Mengenai efek-efek negatif sistem teokrasi di Abad Pertengahan---penjajahan atas nama Tuhan dan agama---seperti yang ditulis Maman, saat ini muncul kembali dalam baju berbeda. Atas nama kepentingan kapital dan industri, penjajahan masih saja terjadi, bahkan saat negara dan agama sudah tidak lagi bercampur baur.

Jurgen Habermas, salah satu tokoh yang terkenal kritis, mengatakan bahwa masyarakat industri saat ini terlalu mengagungkan positivisme karena membantu manusia membentuk peradaban yang maju. Pemisahan antara teori dengan praxis yang diajukan positivisme berdampak kepada netralitas ilmu pengetahuan. Ilmu pengetahuan hanya dianggap apabila memiliki kaitan dengan ilmu-ilmu empiris. 

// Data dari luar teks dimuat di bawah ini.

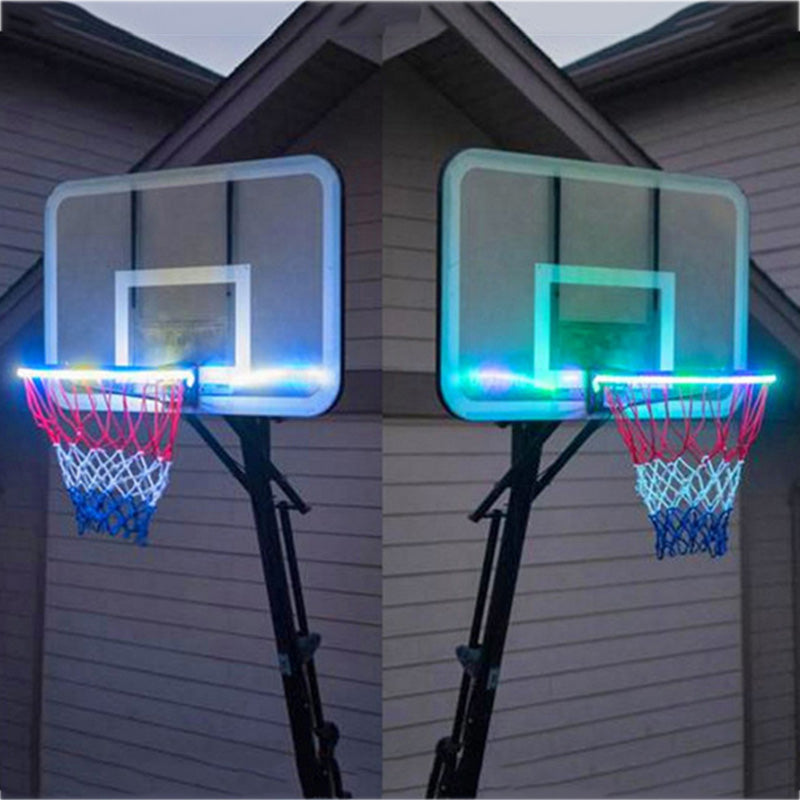 Solar LED Basketball Hoop Light – Colour-Changing Rim Strip for Night Play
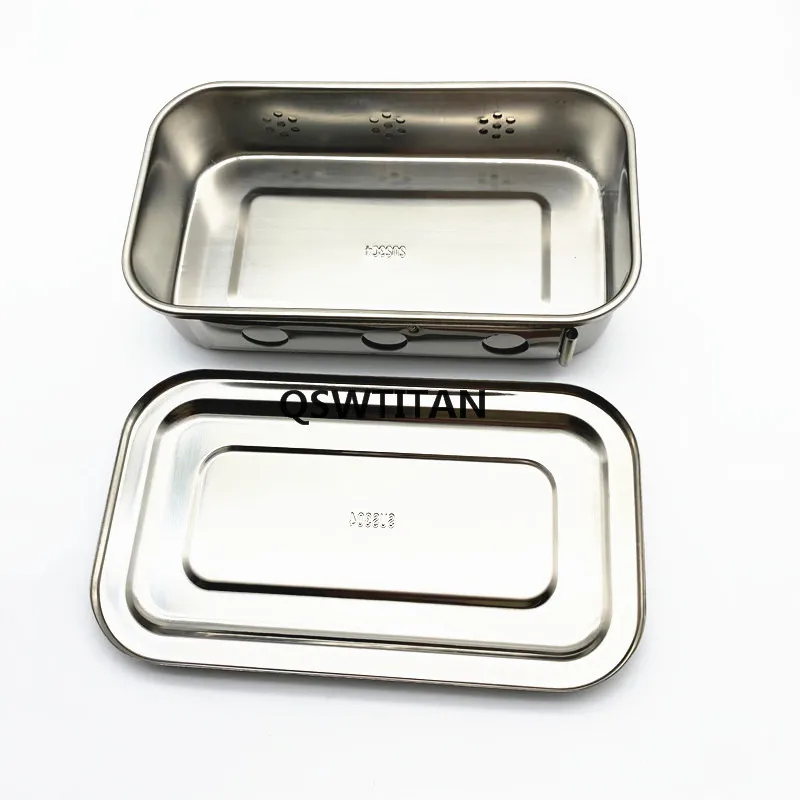 304 Stainless Steel Thick Sterilization Tray Box with Or Without Hole Square Plate Cover Surgical Equipment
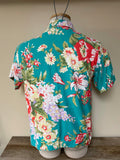 *Vintage Wyndham Collection Womens Hawaiian Floral Short Sleeve Blouse Top Medium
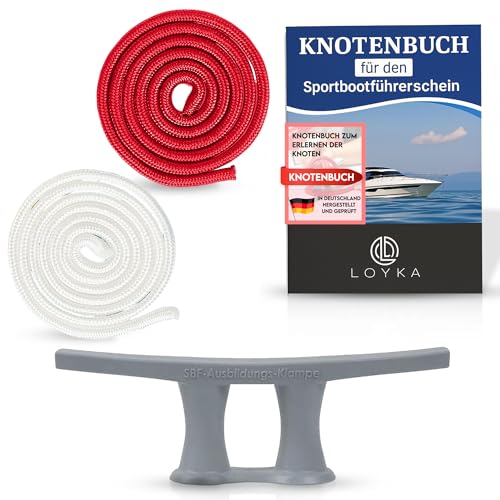 Knoten SBF Übungsset mit Knotenbuch für den SBF See und Binnen - einfaches Knoten Üben & Lernen, maritimes Geschenk mit Knotenbuch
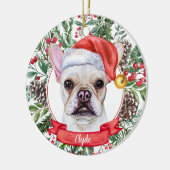 Frans Bulldog Custom Dog Santa Kerstkerstversierin Keramisch Ornament (Links)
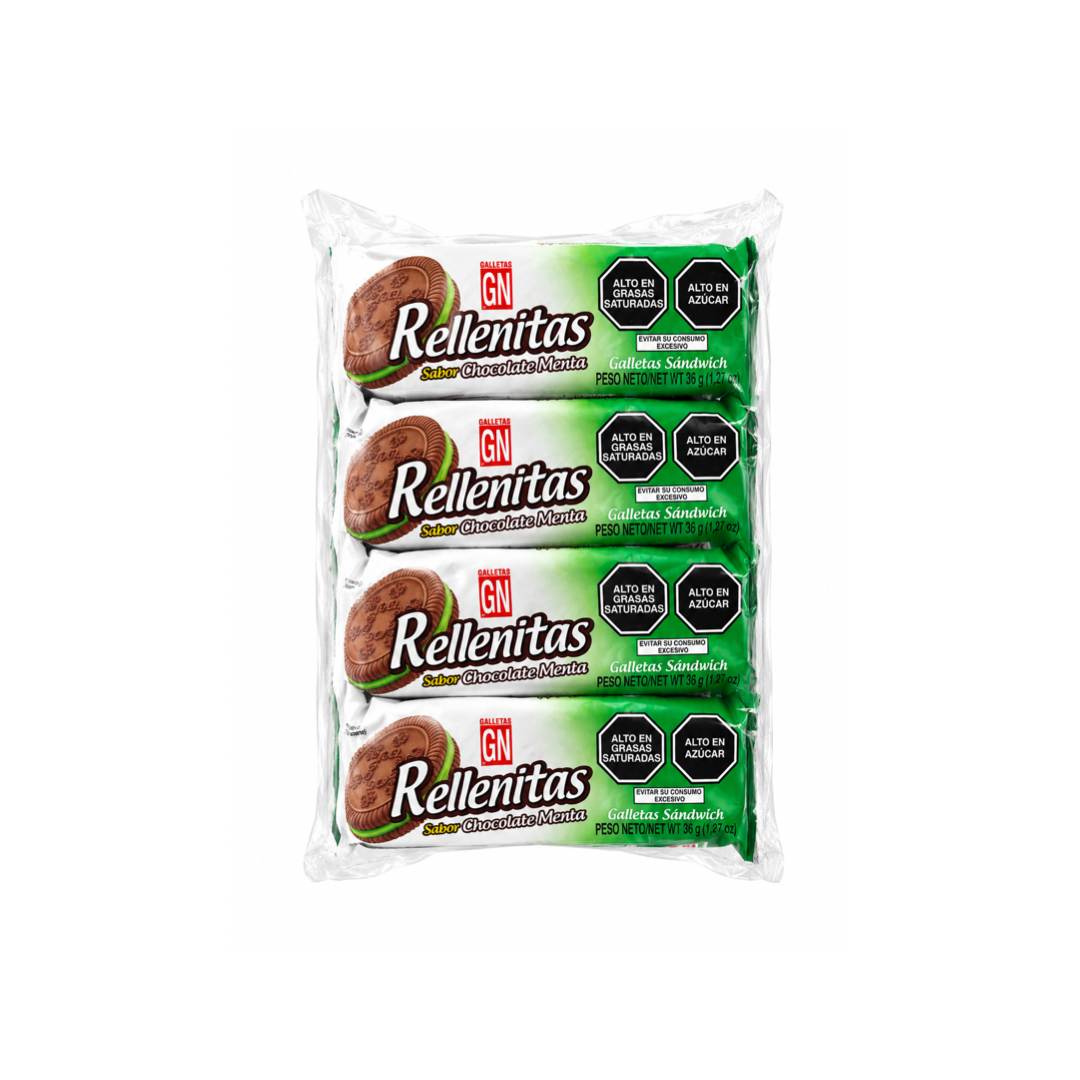 GALLETAS GN RELLENITAS CHOCOLATE MENTA 10.2OZ
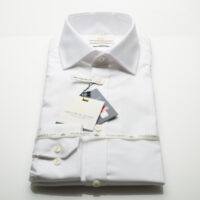 White twill long sleeve non iron cotton slim fit shirt with single mitred cuff
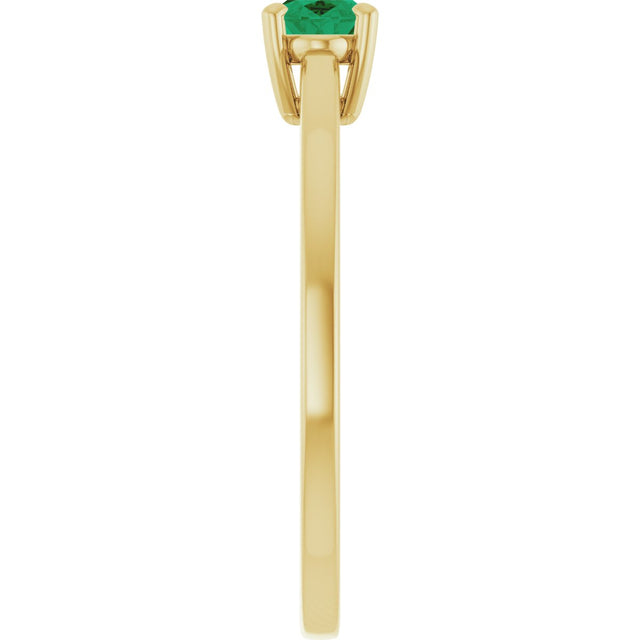 10K Gold Oval Lab-Grown Emerald Solitaire Ring - Yellow Gold - view 4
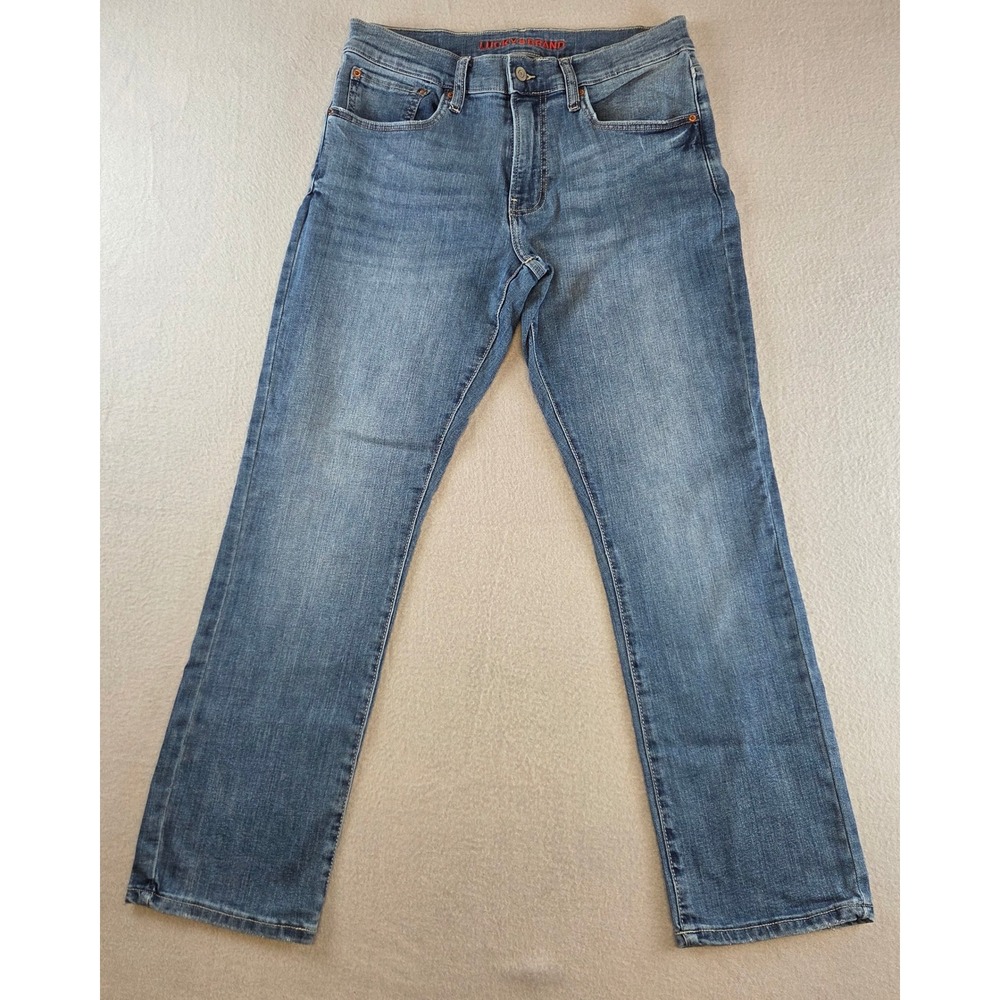 Lucky Brand 223 Straight Jeans Mens 30x29 Faded Blue Stretch Denim Classic Fit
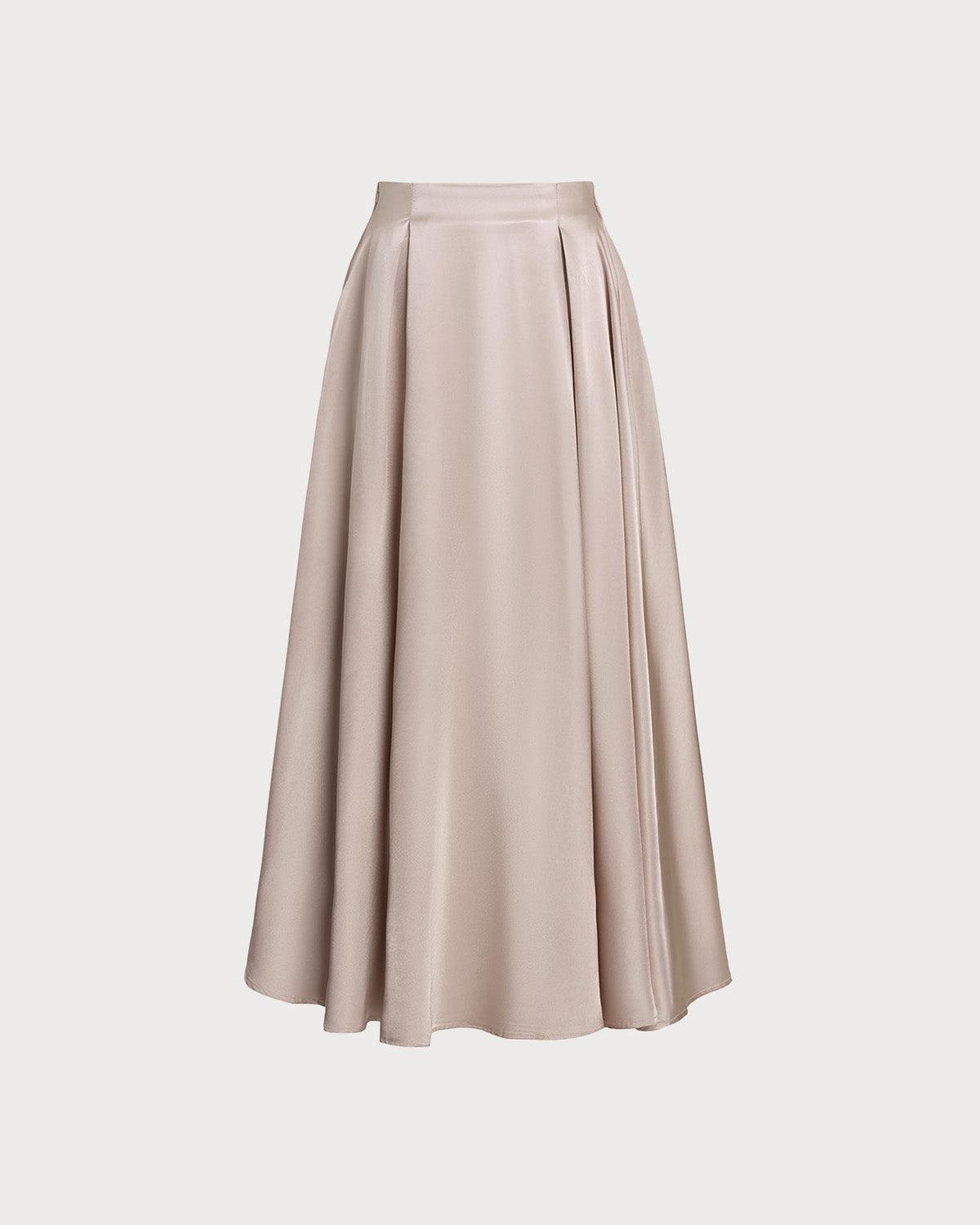 Pink Elastic Waist Flared Midi Skirt Product Image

Herbert Marcuse, dalam salah satu karyanya, One-Dimensional Man juga mengambil posisi kritis atas masyarakat industri. Teknologi yang pada mulanya menjadi alat pembantu manusia, justru memperbudak manusia itu sendiri karena sifat 'totalitarian' teknologi merasuk hingga jantung kehidupan manusia.

Pada masyarakat ini pula, orang-orang menemukan 'jiwa' mereka pada otomotif, pakaian, bahkan peralatan dapur, yang, sialnya, preferensi mereka atas barang-barang di atas juga dibentuk oleh industri itu sendiri.

Jika Maman mengatakan, "Hampir tak ada celah yang saya temukan untuk menantangnya [liberalisme]," justru celah itu masih ada di dalamnya.